More Walking Observations
Our morning walks have now shifted almost entirely to the park. It is less complicated than making a choice from among three walking routes every morning. We don’t have to worry any more about traffic or stepping in dog excreta, which liberally dots the posh colony. The park has leafy trees, butterflies, and few walkers at the late hour when we drag our lazy selves out. It also has swings! To top it all, there is a comforting familiarity about it, something that says everything is alright, when most of the regulars show up.

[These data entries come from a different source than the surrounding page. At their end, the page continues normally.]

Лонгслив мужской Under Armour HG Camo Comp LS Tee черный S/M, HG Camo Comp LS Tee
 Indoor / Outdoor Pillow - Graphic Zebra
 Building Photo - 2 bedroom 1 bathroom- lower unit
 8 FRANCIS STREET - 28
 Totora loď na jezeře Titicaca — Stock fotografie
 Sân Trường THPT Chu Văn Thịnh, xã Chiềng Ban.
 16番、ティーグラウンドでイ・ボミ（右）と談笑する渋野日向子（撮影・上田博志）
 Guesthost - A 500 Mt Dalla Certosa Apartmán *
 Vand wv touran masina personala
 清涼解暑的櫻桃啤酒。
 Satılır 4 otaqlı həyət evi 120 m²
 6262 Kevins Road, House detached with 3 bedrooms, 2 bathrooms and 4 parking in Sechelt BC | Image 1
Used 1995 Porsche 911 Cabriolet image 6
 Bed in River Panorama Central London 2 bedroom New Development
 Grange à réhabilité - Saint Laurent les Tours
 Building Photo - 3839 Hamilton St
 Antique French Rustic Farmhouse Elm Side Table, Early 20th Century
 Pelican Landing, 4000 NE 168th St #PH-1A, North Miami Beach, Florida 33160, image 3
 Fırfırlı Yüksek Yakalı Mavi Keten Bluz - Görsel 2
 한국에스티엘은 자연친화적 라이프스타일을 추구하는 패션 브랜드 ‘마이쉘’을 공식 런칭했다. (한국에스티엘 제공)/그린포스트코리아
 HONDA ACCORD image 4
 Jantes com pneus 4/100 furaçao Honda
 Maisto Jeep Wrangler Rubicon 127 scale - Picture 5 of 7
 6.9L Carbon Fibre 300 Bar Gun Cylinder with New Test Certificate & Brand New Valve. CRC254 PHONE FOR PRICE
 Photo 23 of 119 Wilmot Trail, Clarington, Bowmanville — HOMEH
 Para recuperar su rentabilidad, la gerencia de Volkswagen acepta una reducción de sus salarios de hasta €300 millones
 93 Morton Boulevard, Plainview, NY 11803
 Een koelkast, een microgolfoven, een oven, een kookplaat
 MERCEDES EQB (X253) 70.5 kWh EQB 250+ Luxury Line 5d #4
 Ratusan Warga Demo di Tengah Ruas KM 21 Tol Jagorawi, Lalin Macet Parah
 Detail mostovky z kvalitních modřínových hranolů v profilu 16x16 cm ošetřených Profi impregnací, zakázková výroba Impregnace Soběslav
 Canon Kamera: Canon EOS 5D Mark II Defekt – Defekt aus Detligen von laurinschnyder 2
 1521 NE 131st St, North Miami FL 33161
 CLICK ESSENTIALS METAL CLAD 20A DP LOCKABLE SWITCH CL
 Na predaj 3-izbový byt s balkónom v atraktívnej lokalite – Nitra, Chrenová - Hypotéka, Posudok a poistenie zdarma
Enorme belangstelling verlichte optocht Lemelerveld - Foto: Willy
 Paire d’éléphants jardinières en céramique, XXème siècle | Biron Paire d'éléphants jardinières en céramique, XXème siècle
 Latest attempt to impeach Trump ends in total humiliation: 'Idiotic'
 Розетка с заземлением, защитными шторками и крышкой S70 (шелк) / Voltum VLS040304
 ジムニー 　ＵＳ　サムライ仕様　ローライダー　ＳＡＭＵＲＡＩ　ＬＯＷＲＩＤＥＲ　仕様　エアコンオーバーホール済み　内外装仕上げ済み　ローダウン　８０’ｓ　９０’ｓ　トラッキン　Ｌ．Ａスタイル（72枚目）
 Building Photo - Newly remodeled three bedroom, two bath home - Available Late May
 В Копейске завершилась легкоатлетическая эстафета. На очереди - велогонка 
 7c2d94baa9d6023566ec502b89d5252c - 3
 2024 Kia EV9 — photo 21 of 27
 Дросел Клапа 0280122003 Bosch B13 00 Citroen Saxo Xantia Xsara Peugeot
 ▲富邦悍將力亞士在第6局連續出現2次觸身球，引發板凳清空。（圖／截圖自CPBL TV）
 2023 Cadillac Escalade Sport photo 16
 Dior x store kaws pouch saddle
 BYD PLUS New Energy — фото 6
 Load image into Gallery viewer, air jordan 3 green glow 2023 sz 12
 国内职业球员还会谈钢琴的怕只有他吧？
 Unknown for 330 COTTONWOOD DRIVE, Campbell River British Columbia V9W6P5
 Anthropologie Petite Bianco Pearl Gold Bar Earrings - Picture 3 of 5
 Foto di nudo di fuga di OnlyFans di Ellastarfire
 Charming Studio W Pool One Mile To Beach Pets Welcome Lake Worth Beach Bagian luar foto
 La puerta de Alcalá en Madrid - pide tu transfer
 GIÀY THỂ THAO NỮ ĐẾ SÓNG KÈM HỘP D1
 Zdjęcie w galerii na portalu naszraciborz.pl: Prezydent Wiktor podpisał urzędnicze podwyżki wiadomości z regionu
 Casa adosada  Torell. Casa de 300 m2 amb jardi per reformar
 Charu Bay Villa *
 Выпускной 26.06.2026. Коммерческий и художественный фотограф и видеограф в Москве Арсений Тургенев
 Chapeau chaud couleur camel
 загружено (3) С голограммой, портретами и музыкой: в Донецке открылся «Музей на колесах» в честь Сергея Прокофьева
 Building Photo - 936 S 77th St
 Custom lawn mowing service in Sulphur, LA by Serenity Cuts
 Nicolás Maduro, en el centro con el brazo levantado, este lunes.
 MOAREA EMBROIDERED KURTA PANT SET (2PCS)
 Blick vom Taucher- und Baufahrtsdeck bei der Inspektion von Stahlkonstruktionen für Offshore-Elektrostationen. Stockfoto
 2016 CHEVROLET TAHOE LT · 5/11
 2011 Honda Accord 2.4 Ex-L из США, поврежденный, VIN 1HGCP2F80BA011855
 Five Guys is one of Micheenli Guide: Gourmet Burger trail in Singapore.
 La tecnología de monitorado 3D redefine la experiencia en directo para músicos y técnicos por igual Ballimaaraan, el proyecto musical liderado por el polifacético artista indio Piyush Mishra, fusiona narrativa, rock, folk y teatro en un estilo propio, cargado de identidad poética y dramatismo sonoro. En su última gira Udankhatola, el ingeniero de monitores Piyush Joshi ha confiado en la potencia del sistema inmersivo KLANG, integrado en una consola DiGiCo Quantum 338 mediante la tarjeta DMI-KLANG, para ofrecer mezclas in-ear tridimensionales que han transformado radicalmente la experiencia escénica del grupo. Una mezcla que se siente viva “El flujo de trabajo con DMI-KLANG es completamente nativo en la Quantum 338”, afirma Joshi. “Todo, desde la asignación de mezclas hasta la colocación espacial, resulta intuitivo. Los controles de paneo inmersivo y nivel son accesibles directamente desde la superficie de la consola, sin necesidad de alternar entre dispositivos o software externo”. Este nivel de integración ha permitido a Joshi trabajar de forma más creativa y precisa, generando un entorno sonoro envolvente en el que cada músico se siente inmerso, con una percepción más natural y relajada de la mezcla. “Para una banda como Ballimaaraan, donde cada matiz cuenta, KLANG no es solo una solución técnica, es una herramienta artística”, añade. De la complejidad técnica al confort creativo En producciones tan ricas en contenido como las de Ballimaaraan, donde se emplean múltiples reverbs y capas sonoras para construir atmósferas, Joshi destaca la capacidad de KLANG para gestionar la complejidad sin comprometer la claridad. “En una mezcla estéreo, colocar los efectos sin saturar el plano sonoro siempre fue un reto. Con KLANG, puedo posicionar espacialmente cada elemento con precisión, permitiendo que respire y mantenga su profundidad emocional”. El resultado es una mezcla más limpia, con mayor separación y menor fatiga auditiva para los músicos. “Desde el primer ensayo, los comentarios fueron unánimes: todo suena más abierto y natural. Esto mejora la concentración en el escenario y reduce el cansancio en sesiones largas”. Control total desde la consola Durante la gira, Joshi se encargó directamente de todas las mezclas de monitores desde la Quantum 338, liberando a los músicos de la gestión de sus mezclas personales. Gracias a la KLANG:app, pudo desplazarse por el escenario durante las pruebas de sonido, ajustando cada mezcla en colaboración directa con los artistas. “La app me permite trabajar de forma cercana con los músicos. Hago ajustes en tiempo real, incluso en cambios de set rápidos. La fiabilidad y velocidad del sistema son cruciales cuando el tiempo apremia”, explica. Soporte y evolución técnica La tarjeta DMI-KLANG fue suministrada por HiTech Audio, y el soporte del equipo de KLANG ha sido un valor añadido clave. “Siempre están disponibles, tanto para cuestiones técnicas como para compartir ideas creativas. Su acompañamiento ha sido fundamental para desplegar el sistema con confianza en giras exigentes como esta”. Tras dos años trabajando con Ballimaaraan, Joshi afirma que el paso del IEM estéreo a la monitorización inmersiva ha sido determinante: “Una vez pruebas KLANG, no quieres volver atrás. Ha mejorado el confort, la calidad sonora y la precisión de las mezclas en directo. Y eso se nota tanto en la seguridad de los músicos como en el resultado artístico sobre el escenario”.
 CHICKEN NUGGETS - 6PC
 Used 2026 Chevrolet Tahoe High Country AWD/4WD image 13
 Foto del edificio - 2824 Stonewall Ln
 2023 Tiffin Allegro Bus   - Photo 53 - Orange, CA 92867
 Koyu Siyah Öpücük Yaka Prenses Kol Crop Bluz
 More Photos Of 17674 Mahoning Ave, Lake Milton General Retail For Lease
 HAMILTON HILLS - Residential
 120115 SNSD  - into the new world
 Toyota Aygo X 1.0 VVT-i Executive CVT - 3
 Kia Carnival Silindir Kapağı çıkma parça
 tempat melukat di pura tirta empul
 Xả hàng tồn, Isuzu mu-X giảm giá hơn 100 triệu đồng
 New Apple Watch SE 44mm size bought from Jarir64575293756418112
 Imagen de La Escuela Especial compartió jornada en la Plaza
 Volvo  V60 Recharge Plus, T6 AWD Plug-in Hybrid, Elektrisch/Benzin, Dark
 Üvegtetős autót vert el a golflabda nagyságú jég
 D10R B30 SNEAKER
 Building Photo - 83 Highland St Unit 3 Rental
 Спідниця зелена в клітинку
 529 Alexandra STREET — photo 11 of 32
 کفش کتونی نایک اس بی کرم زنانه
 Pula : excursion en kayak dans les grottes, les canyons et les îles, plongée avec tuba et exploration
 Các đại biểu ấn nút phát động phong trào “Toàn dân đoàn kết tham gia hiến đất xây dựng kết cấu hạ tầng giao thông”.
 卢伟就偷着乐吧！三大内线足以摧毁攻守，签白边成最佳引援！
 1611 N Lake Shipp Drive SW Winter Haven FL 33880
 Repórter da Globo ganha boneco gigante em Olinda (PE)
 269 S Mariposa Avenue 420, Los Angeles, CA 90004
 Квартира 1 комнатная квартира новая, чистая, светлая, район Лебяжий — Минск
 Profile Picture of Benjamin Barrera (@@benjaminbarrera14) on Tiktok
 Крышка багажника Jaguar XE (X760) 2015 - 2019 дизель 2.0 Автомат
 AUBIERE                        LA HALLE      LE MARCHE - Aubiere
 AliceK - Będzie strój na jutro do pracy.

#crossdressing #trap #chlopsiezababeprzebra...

Not all the regulars are really regular, save two men. They speak the same language and possibly work at the same place (as we have gathered from their clothes). The first follows a routine of a walk, which turns into a run, then a long session of yoga, including stretches and pranayama. The second arrives as the first is halfway into his session, starting with a walk and a run, and ending with some exercises. They are our inspiration. We skip our walk on certain days, but they never do. They are there every morning, almost at the same hour, focused and determined. We almost said hello to them as they were leaving together, I raised my hand in a late wave, and the moment passed. Social awkwardness won.
Walking seems to have a lot of takers after the long lockdowns. While things are almost back to normal here in terms of traffic and unmasked loitering, a few of us are still on our guard. We continue to wear masks, even as summer rears its head and humidity increases. And on these days, I think of walks by the chalk cliffs in East Sussex, where it was almost always windy. One I remember well is a fairly long walk on a freezing day with Z. and her friend who was visiting her from Glasgow. The chill was exacerbated by a biting wind, which kept pushing at us and turned our noses red and runny. The walk was not really remarkable beyond a point, but then we hit a “naturist” beach. It took us a while to understand what that meant. Coming from countries where any show of skin is frowned upon (except in the movies), we sniggered like teenagers. But we were too coy to linger. We turned and walked on, ending at a heritage railway line.
Brighton is pretty and vibrant, and I like how it nestles against the Downs, but this end of the walk was one part of the town I didn’t quite take to. It felt a bit grey and neglected, and I was happy when we began the walk back. Also, we were in the habit of escaping into the Downs whenever we wanted a break, which meant endless greenery and rolling landscapes. Of course, coming from the concrete environments that I’ve spent a lot of my life in, this was paradise.
As we walk under the trees , we are sometimes rewarded with a sudden breeze, which shakes off leaves or dew drops on us. I confess I do look up to see if there is a bird on the tree, the cause of the ‘dew’ on my forehead. Thankfully, I’ve escaped unscathed so far. The grey-brown dog that keeps the caretaker company walks up occasionally, as if to test the waters, then slinks away, too shy to make anyone’s acquaintance. Squirrels make acrobatic leaps among branches and whole trees, putting our newly found walking ‘agility’ to shame.
The trees hush the hum of traffic outside the park. The bus stop ceases to exist. The horns don’t reach us. Or we don’t hear them any more. We are all here, in this small world just big enough to hold us, giving way, being courteous to other walkers, and still wrapped in our reveries. Work and chores can wait. The outside will besiege us again, but for this half-hour, we own ourselves.